PT-Chancen ohne Lula eher gering

Sollte die Entscheidung für ihn ausfallen stünde er zum sechsten Mal zur Wahl. Nach drei Misserfolgen in den 1990er-Jahren schaffte er es, wurde 2003 Nachfolger Fernando Henrique Cardoso und führte Brasilien in ein wirtschaftlich erfolgreiches Jahrzehnt.

Und: Auch ärmere Bevölkerungsschichten, nach wie vor der grösste Bevölkerungsteil, bekamen etwas vom Aufschwung ab. Der Mindestlohn stieg und die Regierung startete das Sozialprogramm "bolsa familia" für einkommensschwache Familien. Vor allem deswegen ist Lula beliebt wie kein anderer Politiker Brasiliens.

Die PT hofft fast schon verzweifelt auf seine Freilassung. Denn ohne ihn wird es schwer die Wahl zu gewinnen. Dann dürfte Fernando Haddad antreten. Er war von 2005 bis 2012 Lulas Bildungsminister und danach bis 2017 Bürgermeister von São Paulo.

Im Rest des Landes ist er aber eher unbekannt, weswegen es auch fraglich ist, ob die potentiellen Lula-Wähler tatsächlich auf ihn eingeschworen werden könnten.

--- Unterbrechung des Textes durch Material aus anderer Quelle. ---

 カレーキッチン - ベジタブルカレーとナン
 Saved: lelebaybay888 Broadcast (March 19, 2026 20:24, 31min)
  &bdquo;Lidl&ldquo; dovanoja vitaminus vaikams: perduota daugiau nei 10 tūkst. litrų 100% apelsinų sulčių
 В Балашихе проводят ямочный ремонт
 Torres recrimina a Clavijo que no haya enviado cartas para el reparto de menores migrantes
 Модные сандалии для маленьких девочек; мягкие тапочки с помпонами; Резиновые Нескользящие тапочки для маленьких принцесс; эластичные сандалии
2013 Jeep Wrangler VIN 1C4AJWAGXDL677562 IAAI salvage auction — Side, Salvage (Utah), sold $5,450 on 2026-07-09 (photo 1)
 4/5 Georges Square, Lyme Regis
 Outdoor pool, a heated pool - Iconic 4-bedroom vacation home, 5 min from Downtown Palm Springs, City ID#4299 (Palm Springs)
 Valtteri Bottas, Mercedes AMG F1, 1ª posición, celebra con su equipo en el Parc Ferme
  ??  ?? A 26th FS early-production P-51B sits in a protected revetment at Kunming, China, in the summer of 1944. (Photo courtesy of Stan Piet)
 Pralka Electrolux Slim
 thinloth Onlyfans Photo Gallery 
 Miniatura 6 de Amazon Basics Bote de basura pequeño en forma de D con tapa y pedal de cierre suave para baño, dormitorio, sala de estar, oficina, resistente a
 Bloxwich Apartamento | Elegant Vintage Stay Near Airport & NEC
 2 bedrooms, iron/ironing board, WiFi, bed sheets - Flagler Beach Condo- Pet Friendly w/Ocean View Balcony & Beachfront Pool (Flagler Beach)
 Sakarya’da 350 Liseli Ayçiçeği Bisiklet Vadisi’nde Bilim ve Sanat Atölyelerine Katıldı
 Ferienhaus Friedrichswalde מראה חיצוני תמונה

Jair Bosonaro gibt den Hardliner

Wahrscheinlicher ist, dass vor allem der rechte Jair Bolsonaro von einem Lula-Ausschluss profitieren würde. Zuletzt lag er in Umfragen mit 22 Prozent vorne - wenn man Lula komplett aus der Wertung herausnehmen würde. Damit läge er an der Spitze. Ein Startplatz in der Stichwahl am 28. Oktober erscheint damit fast sicher.

Politisch war er stets ein Hinterbänkler, zwar seit 1990 Abgeordneter für insgesamt neun Parteien, aber in dieser Zeit brachte Bolsonaro gerade einmal zwei Anträge ein.

Seine Bekanntheit verdankt er vor allem seinem Auftreten als Hardliner, er beleidigt und erniedrigt Frauen, Indigene, Homosexuelle, wettert gegen Abtreibung und bekundet seine Sympathie für die Diktatur.

Mit ihm, so seine Botschaft, werde in der Politik aufgeräumt, werde mit harter Hand Recht und Ordnung wiederhergestellt.

Im Falle eines Wahlsiegs will er zudem aus dem Klimaabkommen von Paris austreten und Kindern den Umgang mit Waffen beizubringen. Töne, wie man sie noch aus dem Wahlkampf von US-Präsident Donald Trump kennt und die die Handschrift von Steve Bannon tragen, dem früheren strategischen Berater im Weissen Haus. Ihn holte sich Bolsonaro zur Hilfe.

Bolsonaro lebt vom Zeitgeist. Die Wirtschaftskrise, Korruptionsskandale und die angestiegene Gewalt treiben Bolsonaro die Wähler in die Arme, die sich einen starken Staat wünschen, in dem auch das Militär präsenter sein soll.

Symbolisch dafür holte sich der ehemalige Fallschirmjäger Bolsonaro als Kandidat für das Vize-Präsidentenamt den General Antonio Hamilton Mourão ins Boot.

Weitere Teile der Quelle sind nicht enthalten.